[Web page caption snippets]
★ ★ ★

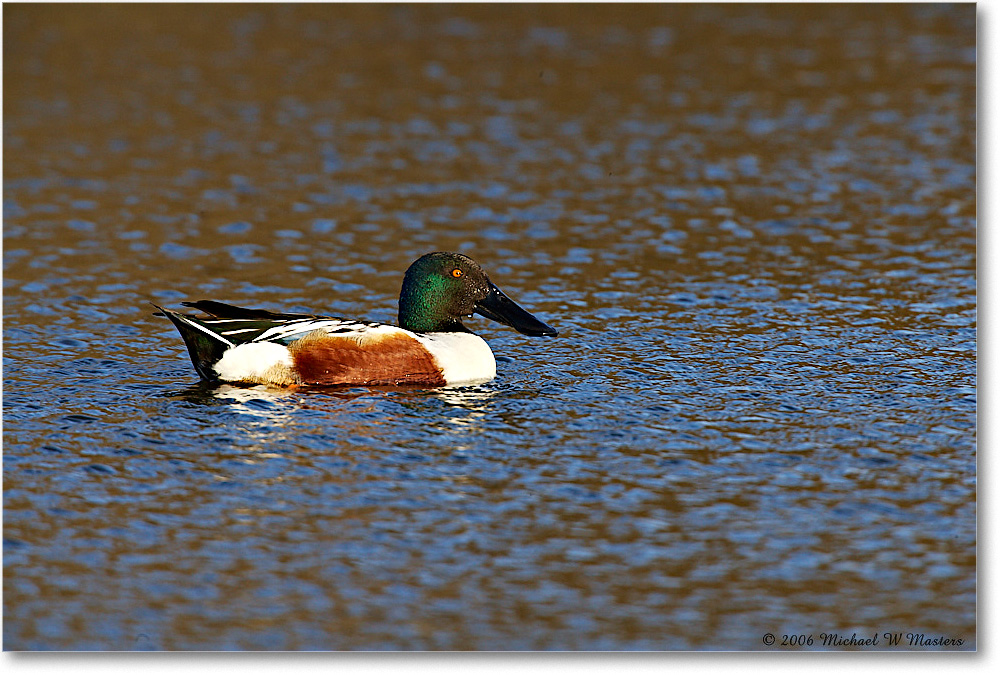 NorthernShoveler_ChincoNWR_2006Mar_E0K7270 copy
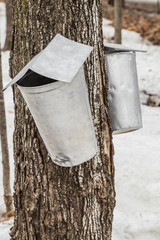 Wall Mural - maple sap buckets on trees in spring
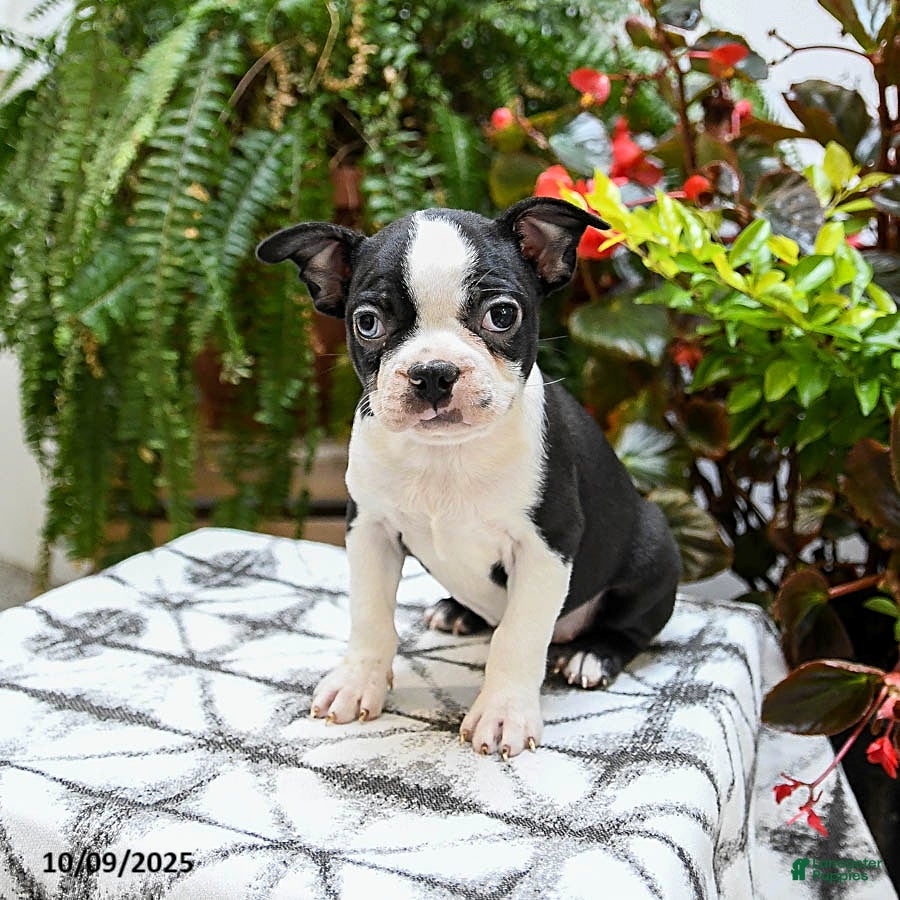Boston Terrier Puppies for sale under $500 Lancaster Puppies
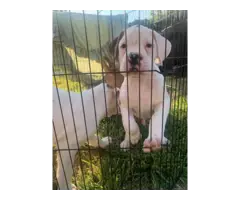 Purebred male boxer puppies for sale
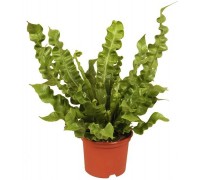 Asplenium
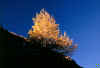 laricegrauson_121003.jpg (76175 byte)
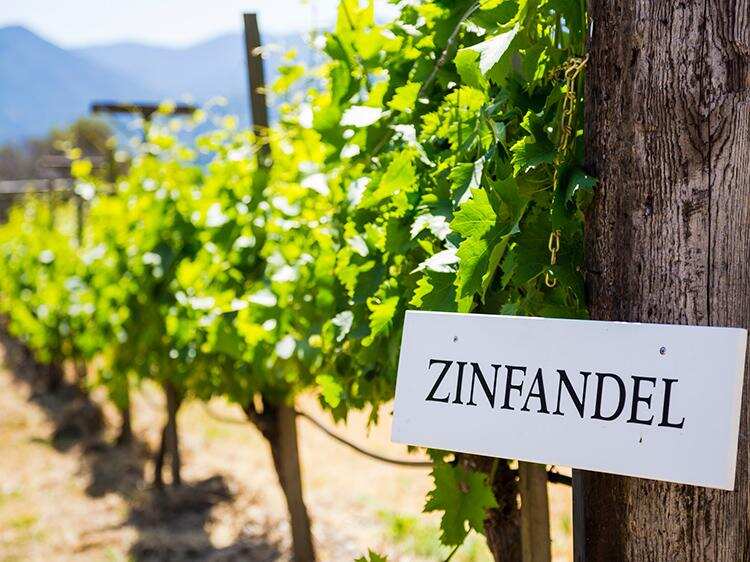 仙粉黛（Zinfandel）——加州葡萄酒的名片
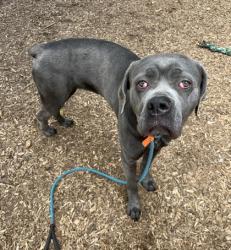 Shelter Stray Female Dog last seen Near N Decatur Rd Atlanta, 30306, 30306, GA, Atlanta, GA 30341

★ ★ ★

◆ Your goal ◆
Give back exactly the lines running from the one that contains "仙粉黛（Zinfandel）——加州葡萄酒的名片" to the end of the records, including both of those lines and excluding every picture.

◆ Exercise answer ◆
 仙粉黛（Zinfandel）——加州葡萄酒的名片
 Shelter Stray Female Dog last seen Near N Decatur Rd Atlanta, 30306, 30306, GA, Atlanta, GA 30341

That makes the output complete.